L’histoire commence en novembre 1958. Jack Kennedy est sénateur du Massachussetts et s’apprête à annoncer sa candidature à la Présidence, son frère Bobby dirige le Comité McClellan, chargé d’enquêter sur les activités de la Mafia. Ces deux hommes ont un ennemi mortel : Edgar J. Hoover, patron du FBI. Pour Hoover, la Mafia n’existe pas et le seul danger pour l’Amérique, ce sont les communistes. Convaincu que Kennedy risque de devenir le prochain président et désireux de connaître les agissements des deux frères, Hoover fait infiltrer le Comité McClellan par l’un de ses hommes. Quelques semaines plus tard, Fidel Castro prend le pouvoir à Cuba et instaure sur l’île un régime communiste. Catastrophe pour les américains. Catastrophe pour le FBI, catastrophe pour la CIA. Et pour la Mafia dont les nombreux casinos cubains ont été nationalisés par Castro. Malgré sa haine de Bobby Kennedy, la Mafia décide de financer la campagne de son frère, persuadée que Jack Kennedy saura chasser Castro de Cuba. L’histoire est racontée au travers de trois hommes : deux flics et un truand. Mais pour Ellroy la frontière entre flic et voyou est mince et perméable, comme le montrera la suite. Ces trois hommes vont travailler successivement pour le FBI, la CIA, les Kennedy et la Mafia. Ils vont s’allier, se trahir et se combattre.

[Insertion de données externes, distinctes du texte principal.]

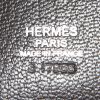 Bolso para llevar al hombro o en la mano Hermès Rugby - Top en cuero Evergrain color ébano - Detail D3 thumbnail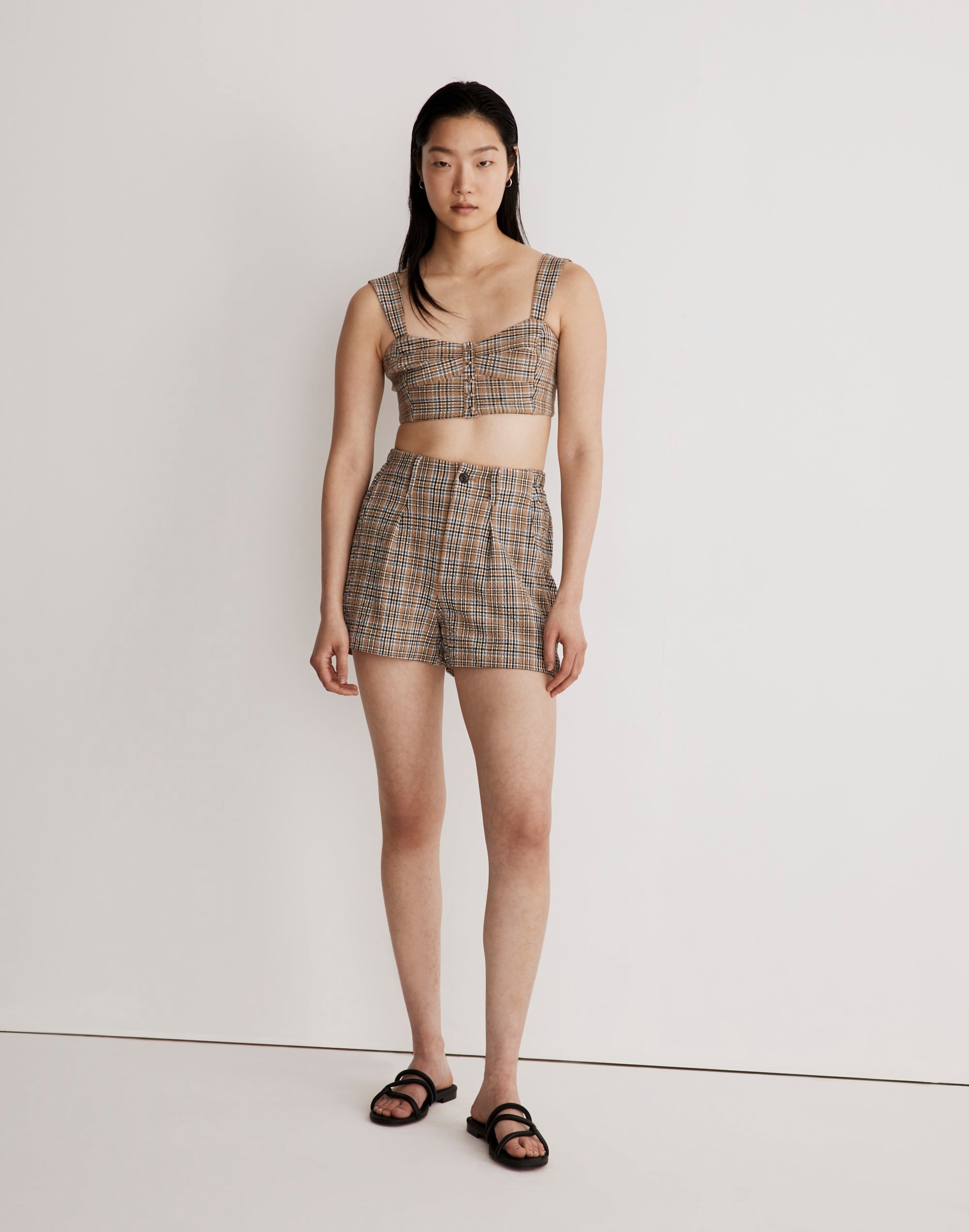 the neale short in gingham seersucker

Il est difficile d’entrer dans ce roman. Toute la première partie manque de structure narrative. Les chapitres se suivent comme autant de courtes histoires de gangsters : extorsions, chantage, meurtres. Le point de vue change à chaque chapitre et l’action s’éparpille entre de multiples personnages secondaires. Le lecteur est souvent un peu perdu dans le jeu des alliances tordues et fluctuantes entre toutes les forces en présence. Difficile aussi de trouver sympathique le moindre personnage, car ils sont presque tous animés par la soif d’argent, de pouvoir ou de vengeance. Ellroy semble prendre un plaisir particulier à dépeindre des scènes très sanglantes qui n’apportent rien à l’histoire. Son style est également très particulier : phrases courtes, langage argotique truffé de néologismes.
Ce livre conviendra à ceux qui aiment les histoires de gangsters et décevra ceux qui veulent connaître un peu mieux l’histoire de l’Amérique, car finalement Kennedy joue un rôle très secondaire dans cette histoire.
Edition Rivages Noir - 2003 - 780 p.